[EXTRACTED ENTRIES Boundary: Start]

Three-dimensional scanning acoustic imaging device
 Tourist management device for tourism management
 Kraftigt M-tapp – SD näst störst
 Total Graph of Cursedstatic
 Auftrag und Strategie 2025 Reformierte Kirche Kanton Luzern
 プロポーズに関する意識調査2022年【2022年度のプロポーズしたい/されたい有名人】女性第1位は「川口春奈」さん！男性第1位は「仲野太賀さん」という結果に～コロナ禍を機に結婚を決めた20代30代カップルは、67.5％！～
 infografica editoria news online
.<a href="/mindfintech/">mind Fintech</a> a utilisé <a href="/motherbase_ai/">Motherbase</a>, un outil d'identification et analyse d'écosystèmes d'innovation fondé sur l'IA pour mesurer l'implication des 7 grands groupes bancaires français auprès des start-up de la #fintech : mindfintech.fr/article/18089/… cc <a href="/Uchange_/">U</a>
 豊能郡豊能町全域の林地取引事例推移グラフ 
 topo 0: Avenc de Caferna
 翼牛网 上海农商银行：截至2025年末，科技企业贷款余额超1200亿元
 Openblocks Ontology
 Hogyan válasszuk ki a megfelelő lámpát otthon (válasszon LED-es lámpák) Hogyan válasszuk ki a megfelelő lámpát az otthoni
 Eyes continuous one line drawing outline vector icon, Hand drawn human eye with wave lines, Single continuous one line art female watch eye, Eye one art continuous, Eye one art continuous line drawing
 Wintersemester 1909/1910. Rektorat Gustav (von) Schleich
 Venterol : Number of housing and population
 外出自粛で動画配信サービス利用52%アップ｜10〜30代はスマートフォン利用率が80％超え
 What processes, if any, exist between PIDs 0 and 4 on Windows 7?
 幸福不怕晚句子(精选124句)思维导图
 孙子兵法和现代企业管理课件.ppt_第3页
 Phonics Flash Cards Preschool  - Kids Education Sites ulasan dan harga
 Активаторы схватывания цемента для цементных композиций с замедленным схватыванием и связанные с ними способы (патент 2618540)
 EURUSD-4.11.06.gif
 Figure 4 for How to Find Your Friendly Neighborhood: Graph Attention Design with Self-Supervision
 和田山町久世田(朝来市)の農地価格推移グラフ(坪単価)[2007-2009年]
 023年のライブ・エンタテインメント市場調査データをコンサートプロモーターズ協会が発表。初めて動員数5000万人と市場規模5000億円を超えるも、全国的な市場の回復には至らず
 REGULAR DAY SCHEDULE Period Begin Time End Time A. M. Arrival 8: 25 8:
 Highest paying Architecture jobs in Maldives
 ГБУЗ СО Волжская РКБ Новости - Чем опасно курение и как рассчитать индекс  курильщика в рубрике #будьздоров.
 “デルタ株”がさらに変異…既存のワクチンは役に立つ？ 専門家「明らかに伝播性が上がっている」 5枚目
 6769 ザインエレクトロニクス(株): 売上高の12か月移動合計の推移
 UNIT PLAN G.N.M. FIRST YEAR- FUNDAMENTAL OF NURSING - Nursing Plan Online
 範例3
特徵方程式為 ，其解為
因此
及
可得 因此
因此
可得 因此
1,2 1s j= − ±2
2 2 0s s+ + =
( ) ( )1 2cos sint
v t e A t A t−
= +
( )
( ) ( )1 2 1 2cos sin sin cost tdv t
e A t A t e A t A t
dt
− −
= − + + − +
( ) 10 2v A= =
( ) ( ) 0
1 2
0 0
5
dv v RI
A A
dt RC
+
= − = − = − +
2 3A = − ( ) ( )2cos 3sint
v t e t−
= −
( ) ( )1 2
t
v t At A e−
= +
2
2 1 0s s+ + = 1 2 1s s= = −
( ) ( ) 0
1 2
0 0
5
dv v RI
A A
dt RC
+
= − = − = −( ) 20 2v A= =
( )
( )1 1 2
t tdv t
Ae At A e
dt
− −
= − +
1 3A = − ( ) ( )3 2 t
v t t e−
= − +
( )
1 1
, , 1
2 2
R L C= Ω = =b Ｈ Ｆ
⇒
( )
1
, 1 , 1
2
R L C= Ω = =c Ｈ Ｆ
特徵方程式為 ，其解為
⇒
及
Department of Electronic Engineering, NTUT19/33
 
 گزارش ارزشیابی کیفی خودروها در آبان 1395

[EXTRACTED ENTRIES Boundary: End]

> [WHAT YOU SHOULD DO]: Find all lines holding the word "device" in the records above and copy them.

> [RESPONSE TO THE TASK]:
Three-dimensional scanning acoustic imaging device
 Tourist management device for tourism management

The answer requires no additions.